The task
Set out exactly, and only, the lines running from the one containing "Zeitschrift Fur Musik, Volume 18..." to the bottom of the listing below; pictures stay out.

Given information
********************

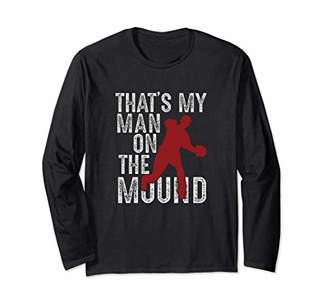 That's My Man On the Mound - Pitcher Mom - Baseball Long Sleeve T-Shirt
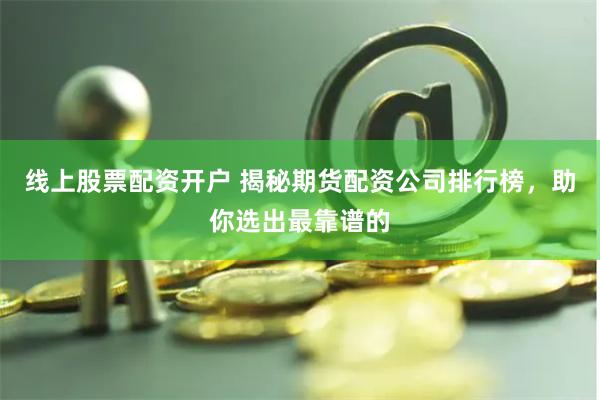 线上股票配资开户 揭秘期货配资公司排行榜，助你选出最靠谱的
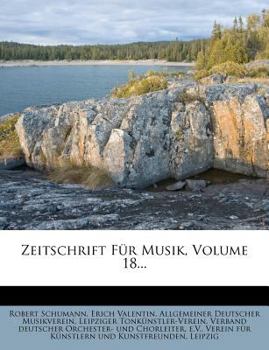 Zeitschrift Fur Musik, Volume 18...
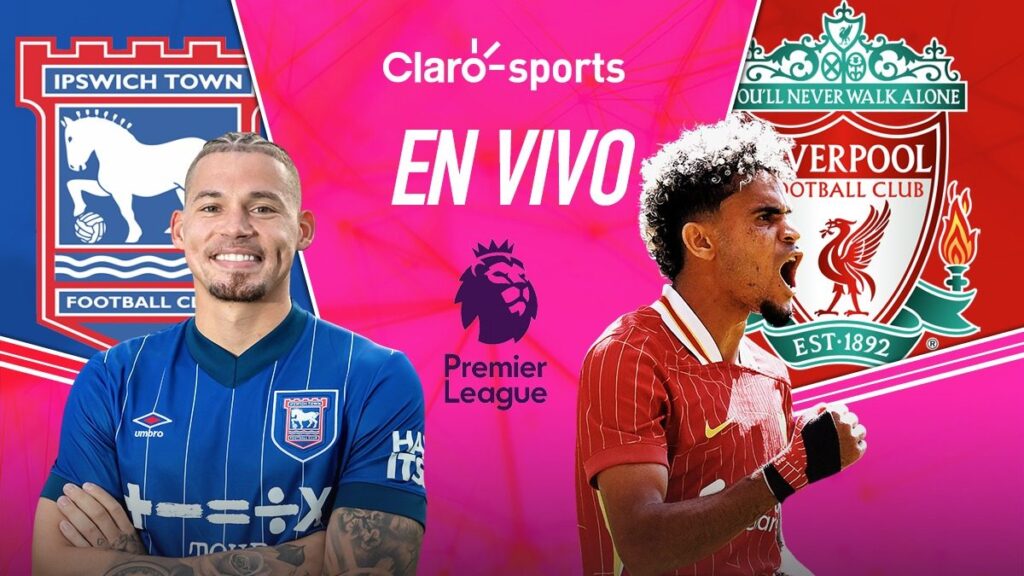 Ipswich vs Liverpool, en vivo la jornada 1 de la Premier League | Claro Sports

********************

Final answer
 Zeitschrift Fur Musik, Volume 18...
 Ipswich vs Liverpool, en vivo la jornada 1 de la Premier League | Claro Sports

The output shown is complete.